(DATA UNDER STUDY)

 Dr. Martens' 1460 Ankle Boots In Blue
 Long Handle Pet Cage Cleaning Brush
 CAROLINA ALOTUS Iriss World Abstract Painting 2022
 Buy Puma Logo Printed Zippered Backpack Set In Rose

(End DATA UNDER STUDY)
(DATA UNDER STUDY)

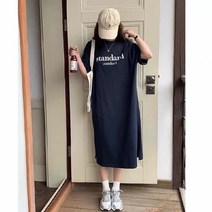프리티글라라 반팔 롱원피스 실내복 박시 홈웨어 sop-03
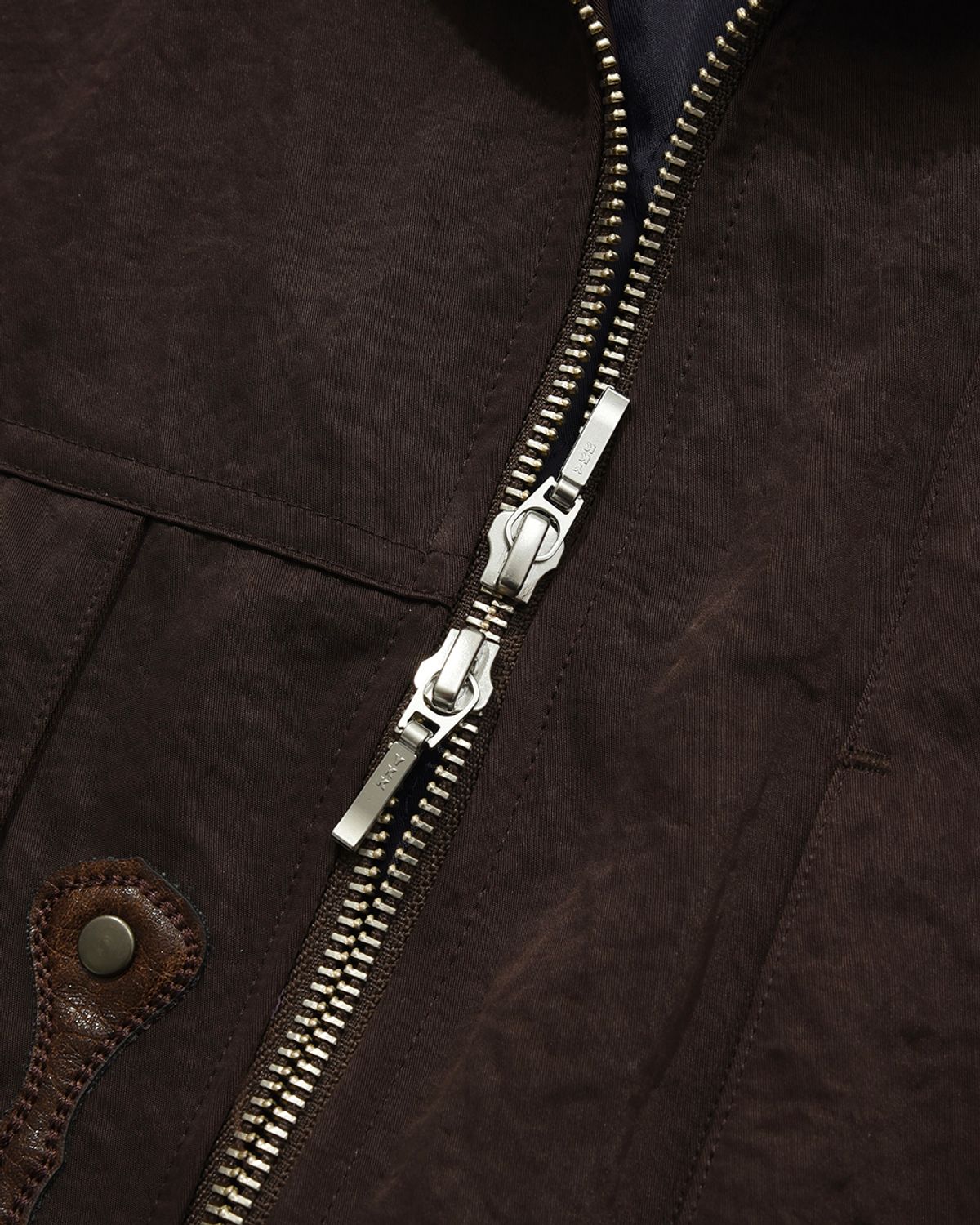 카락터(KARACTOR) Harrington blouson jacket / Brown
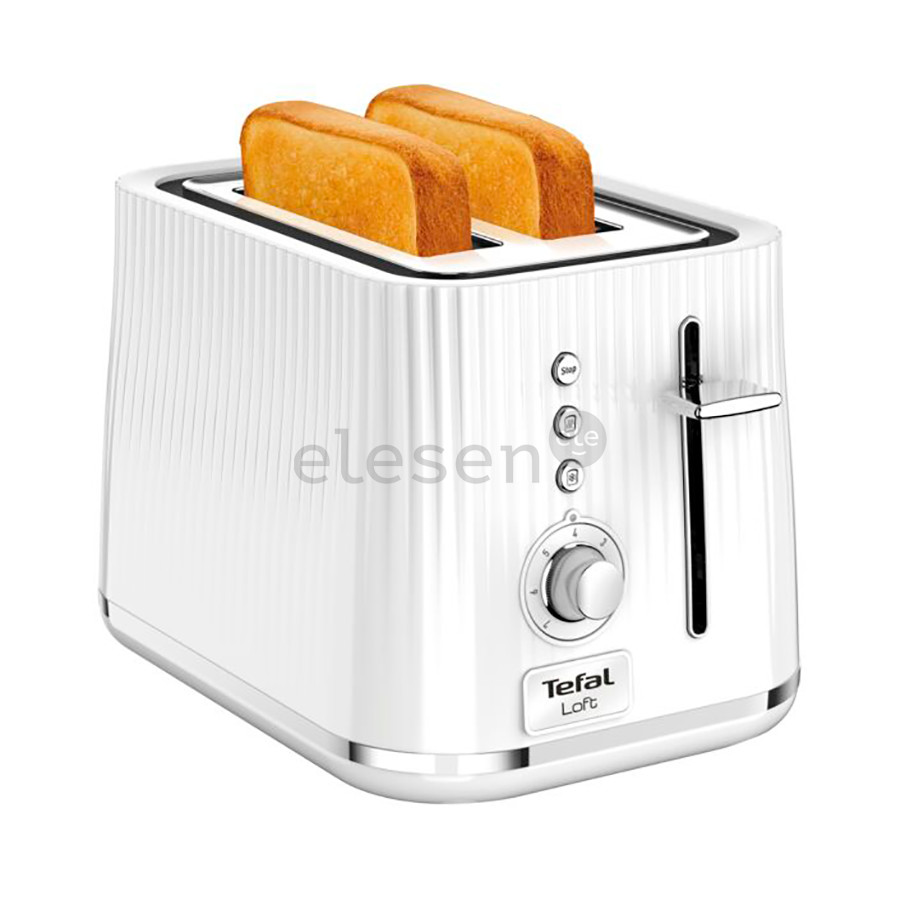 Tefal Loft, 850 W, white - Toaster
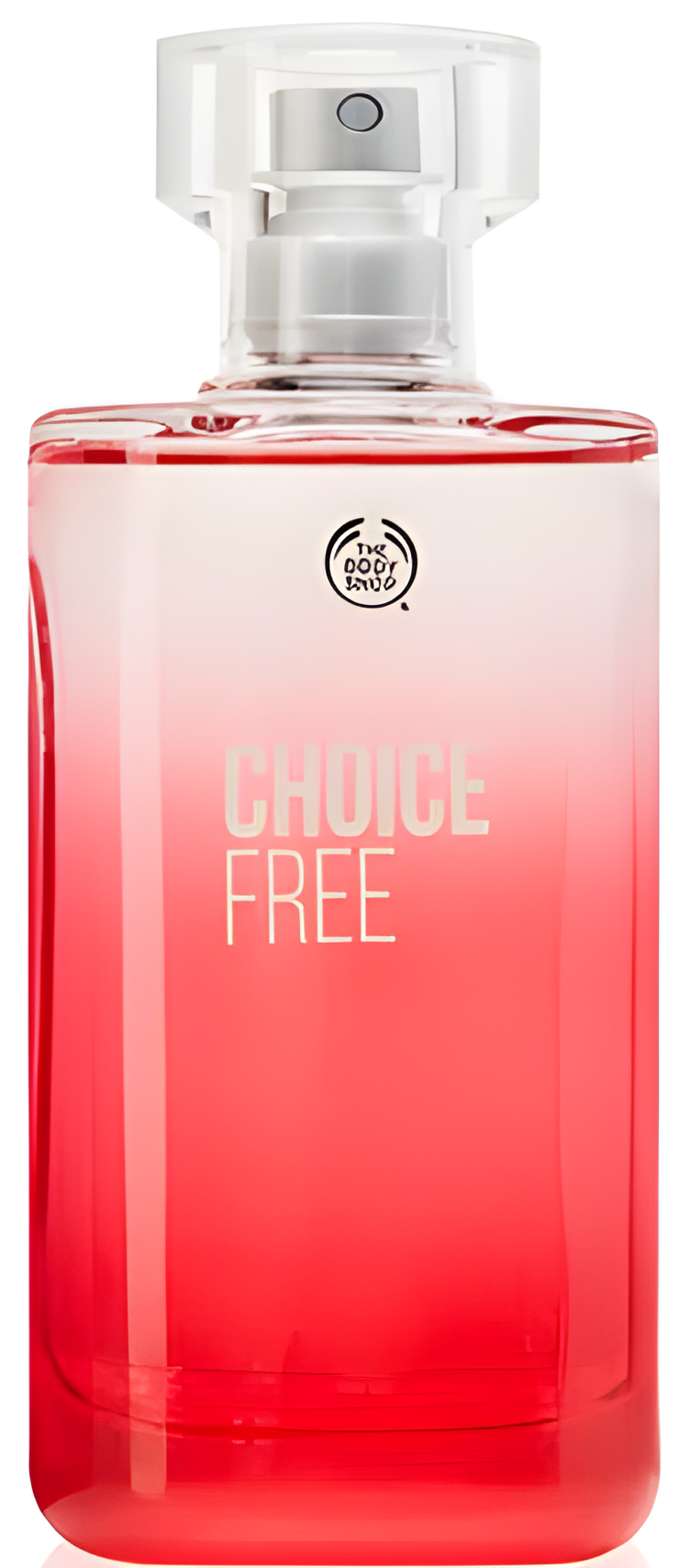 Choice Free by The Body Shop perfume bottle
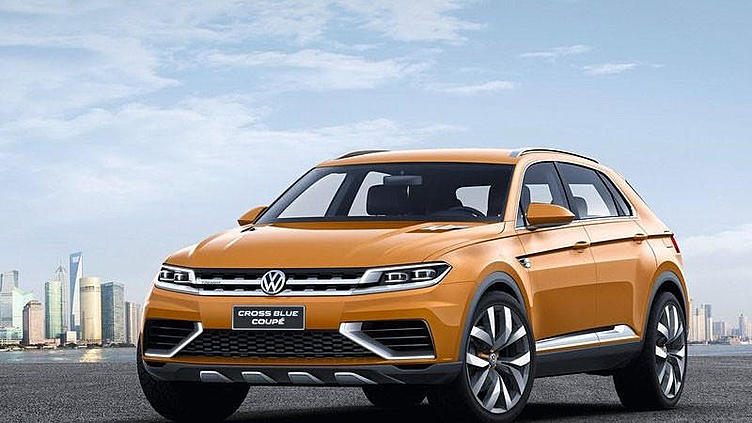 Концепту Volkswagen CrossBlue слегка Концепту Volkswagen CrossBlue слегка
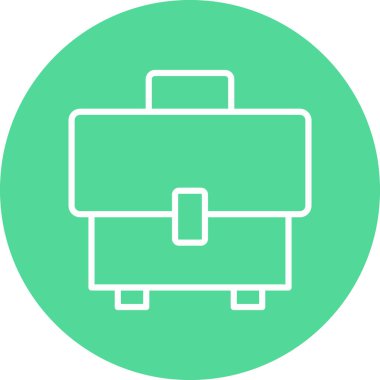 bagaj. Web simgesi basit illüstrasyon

(End DATA UNDER STUDY)

INSTRUCTIONS FOR THE TASK - Only the lines above from the line containing "Long Handle Pet Cage Cleaning Brush" through the line containing "Buy Puma Logo" should be retyped, exactly and with both ends included.

ANSWER BOX -
 Long Handle Pet Cage Cleaning Brush
 CAROLINA ALOTUS Iriss World Abstract Painting 2022
 Buy Puma Logo Printed Zippered Backpack Set In Rose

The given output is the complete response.